*** Provided entries ***
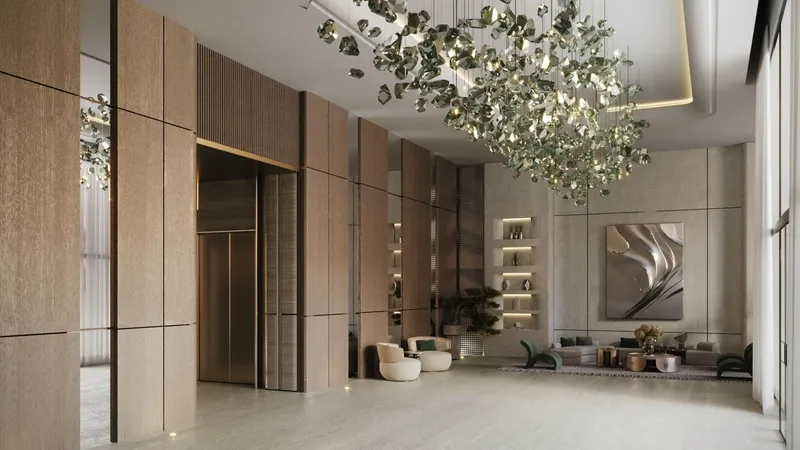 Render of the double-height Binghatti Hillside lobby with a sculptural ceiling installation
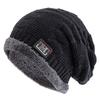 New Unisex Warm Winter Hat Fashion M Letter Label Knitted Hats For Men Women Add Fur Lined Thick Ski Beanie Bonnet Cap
*** End of Provided entries ***
*** Provided entries ***
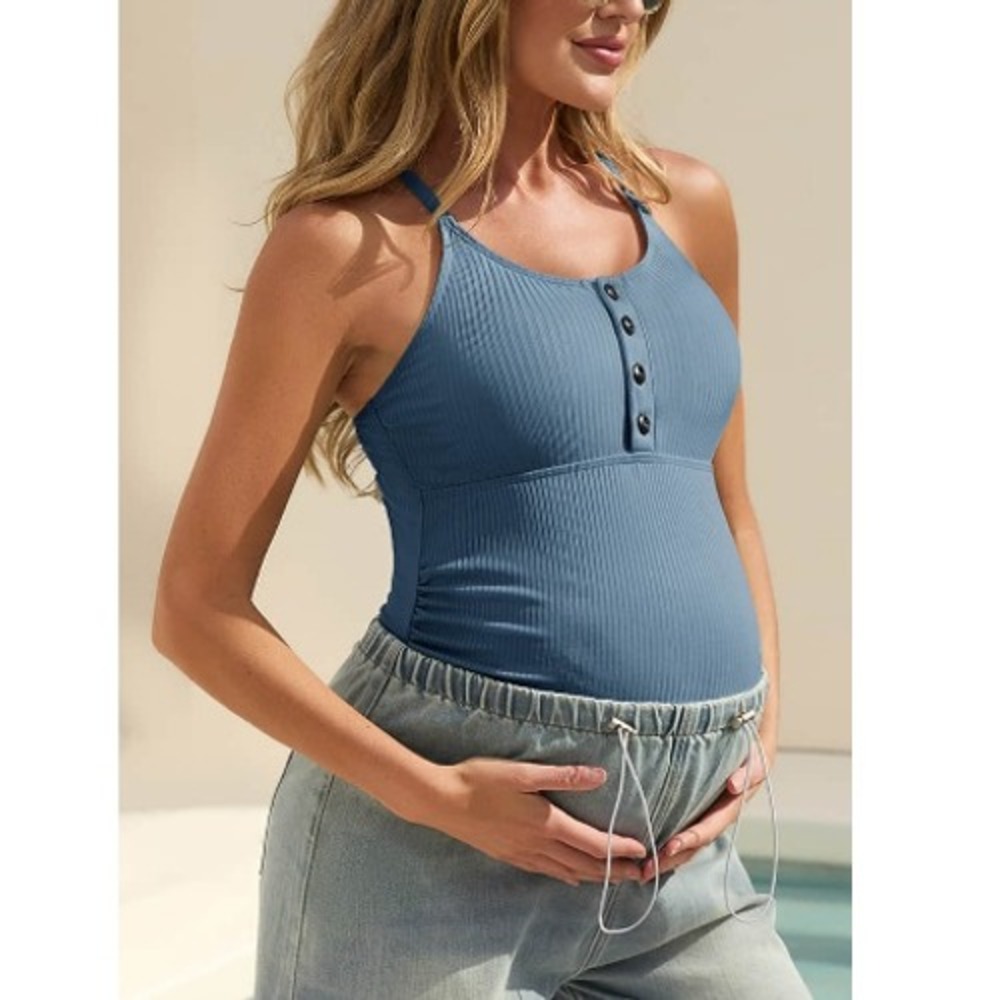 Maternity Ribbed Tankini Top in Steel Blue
*** End of Provided entries ***
■ **Task brief**
Find where the line with "Render of the" sits in the material above and where the line with "New Unisex Warm" sits. Set down exactly the lines from the first to the second, both included and nothing else, without pictures.

■ **Reply to the exercise**
 Render of the double-height Binghatti Hillside lobby with a sculptural ceiling installation
 New Unisex Warm Winter Hat Fashion M Letter Label Knitted Hats For Men Women Add Fur Lined Thick Ski Beanie Bonnet Cap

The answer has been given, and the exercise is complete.